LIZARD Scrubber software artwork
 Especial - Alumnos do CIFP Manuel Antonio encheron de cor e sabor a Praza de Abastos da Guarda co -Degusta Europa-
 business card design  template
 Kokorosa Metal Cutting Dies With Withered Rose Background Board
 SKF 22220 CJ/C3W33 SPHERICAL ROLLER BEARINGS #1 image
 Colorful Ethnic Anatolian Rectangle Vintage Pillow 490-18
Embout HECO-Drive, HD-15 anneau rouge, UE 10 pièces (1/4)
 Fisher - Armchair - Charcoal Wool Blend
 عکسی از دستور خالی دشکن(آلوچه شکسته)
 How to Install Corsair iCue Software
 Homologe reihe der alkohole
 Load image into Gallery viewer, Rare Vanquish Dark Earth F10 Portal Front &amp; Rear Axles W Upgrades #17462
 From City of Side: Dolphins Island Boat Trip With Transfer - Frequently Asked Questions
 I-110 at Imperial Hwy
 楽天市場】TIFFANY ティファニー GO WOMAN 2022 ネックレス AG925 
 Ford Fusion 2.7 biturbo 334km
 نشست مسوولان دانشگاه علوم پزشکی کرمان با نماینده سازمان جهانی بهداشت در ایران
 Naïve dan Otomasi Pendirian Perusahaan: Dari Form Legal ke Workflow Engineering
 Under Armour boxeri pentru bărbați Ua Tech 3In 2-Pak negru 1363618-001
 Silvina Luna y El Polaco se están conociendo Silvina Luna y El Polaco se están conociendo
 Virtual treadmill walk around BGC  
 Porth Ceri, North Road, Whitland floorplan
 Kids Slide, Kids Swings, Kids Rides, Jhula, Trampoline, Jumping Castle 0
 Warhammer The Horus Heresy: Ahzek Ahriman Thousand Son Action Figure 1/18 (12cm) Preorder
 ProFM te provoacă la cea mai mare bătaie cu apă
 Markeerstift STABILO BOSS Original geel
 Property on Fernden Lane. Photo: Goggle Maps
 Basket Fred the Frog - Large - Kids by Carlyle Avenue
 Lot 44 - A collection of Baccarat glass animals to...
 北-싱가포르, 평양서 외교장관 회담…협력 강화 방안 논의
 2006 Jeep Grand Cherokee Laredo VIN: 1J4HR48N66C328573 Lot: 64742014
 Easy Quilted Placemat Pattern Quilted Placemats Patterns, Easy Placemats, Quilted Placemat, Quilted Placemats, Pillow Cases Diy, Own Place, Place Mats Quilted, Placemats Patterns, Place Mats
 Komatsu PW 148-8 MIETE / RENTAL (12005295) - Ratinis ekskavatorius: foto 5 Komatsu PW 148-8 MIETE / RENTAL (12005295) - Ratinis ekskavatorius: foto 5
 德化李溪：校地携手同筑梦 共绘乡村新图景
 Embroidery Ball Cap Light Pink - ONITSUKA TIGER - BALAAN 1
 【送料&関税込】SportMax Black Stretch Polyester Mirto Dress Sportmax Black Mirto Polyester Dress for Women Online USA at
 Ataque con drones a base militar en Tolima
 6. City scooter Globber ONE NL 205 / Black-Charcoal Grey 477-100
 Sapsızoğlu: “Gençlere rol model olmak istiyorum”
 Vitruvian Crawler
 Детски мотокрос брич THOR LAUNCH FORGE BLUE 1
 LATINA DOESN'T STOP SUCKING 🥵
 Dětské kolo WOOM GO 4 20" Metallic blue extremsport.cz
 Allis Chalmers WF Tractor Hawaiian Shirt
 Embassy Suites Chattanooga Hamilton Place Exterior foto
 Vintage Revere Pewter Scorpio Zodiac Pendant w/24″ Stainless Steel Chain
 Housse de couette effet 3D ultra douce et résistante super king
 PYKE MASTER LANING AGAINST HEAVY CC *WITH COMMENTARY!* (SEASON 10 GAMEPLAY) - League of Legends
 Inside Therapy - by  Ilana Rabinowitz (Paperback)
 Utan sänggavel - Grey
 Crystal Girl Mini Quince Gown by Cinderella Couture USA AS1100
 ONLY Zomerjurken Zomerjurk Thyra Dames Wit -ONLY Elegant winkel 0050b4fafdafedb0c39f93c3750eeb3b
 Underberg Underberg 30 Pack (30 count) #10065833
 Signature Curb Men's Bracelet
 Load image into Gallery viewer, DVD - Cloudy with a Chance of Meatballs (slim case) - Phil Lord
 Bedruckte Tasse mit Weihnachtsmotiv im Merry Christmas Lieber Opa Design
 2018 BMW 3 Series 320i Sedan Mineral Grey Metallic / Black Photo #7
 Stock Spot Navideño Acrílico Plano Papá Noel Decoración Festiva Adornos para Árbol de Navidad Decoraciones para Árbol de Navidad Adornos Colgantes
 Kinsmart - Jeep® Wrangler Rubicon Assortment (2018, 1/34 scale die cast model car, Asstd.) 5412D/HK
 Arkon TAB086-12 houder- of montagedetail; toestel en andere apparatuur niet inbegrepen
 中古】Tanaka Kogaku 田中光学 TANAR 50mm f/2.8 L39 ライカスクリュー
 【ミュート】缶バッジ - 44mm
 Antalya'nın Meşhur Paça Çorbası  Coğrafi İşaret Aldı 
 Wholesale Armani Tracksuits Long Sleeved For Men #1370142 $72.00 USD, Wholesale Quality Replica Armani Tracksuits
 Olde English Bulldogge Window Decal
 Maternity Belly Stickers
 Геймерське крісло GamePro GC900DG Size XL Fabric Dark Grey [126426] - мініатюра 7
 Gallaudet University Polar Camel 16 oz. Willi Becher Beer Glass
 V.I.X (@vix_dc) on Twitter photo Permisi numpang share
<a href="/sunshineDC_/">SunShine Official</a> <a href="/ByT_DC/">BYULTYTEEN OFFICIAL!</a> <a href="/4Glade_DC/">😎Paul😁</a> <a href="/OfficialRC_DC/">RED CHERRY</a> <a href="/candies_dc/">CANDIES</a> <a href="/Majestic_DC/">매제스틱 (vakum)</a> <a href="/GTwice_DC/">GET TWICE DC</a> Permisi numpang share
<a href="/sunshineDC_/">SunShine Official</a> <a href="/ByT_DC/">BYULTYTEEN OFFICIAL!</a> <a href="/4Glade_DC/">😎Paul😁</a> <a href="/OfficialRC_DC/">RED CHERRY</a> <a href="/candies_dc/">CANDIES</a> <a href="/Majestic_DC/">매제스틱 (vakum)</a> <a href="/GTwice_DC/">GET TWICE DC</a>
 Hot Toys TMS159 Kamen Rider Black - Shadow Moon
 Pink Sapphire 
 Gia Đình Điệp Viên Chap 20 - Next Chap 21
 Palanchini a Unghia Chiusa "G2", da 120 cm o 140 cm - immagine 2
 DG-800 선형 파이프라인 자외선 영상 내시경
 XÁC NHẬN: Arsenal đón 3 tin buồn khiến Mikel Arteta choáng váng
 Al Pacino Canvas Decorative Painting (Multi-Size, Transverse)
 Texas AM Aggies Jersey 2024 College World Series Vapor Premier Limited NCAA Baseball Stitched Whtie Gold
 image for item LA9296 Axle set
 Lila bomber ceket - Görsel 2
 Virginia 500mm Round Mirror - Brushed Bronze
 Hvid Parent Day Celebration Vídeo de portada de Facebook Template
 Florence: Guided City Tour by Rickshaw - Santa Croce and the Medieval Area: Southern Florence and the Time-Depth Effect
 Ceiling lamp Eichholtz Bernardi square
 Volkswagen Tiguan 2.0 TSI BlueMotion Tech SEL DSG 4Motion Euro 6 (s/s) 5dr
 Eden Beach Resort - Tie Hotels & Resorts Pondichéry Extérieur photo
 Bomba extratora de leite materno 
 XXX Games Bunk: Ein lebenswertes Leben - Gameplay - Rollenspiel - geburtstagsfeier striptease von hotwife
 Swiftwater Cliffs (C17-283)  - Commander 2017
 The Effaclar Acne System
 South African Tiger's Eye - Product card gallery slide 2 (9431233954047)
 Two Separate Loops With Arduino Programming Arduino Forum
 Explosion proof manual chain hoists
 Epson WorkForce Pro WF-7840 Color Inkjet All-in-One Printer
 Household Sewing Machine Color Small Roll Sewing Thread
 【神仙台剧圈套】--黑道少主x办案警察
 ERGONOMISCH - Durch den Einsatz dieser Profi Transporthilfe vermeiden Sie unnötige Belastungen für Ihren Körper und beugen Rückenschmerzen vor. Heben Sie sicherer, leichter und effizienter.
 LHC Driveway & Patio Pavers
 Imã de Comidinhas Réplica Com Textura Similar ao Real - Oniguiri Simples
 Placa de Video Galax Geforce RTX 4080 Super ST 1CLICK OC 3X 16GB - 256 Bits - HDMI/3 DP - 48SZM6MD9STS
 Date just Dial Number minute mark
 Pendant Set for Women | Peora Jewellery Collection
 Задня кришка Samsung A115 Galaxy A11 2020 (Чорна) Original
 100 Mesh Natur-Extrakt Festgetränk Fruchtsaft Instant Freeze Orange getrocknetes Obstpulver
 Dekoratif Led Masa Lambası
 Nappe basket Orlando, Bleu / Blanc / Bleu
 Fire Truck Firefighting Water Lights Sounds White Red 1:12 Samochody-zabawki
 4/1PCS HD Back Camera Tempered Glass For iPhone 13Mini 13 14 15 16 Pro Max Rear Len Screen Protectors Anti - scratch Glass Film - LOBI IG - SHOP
- - -
▸ EXERCISE DESCRIPTION
Using the entries above, extract exactly the span from the line with "Signature Curb Men's Bracelet" to the line with "Antalya'nın Meşhur Paça", both lines included; leave out everything else.

▸ RESPONSE TO THE TASK
 Signature Curb Men's Bracelet
 Load image into Gallery viewer, DVD - Cloudy with a Chance of Meatballs (slim case) - Phil Lord
 Bedruckte Tasse mit Weihnachtsmotiv im Merry Christmas Lieber Opa Design
 2018 BMW 3 Series 320i Sedan Mineral Grey Metallic / Black Photo #7
 Stock Spot Navideño Acrílico Plano Papá Noel Decoración Festiva Adornos para Árbol de Navidad Decoraciones para Árbol de Navidad Adornos Colgantes
 Kinsmart - Jeep® Wrangler Rubicon Assortment (2018, 1/34 scale die cast model car, Asstd.) 5412D/HK
 Arkon TAB086-12 houder- of montagedetail; toestel en andere apparatuur niet inbegrepen
 中古】Tanaka Kogaku 田中光学 TANAR 50mm f/2.8 L39 ライカスクリュー
 【ミュート】缶バッジ - 44mm
 Antalya'nın Meşhur Paça Çorbası  Coğrafi İşaret Aldı 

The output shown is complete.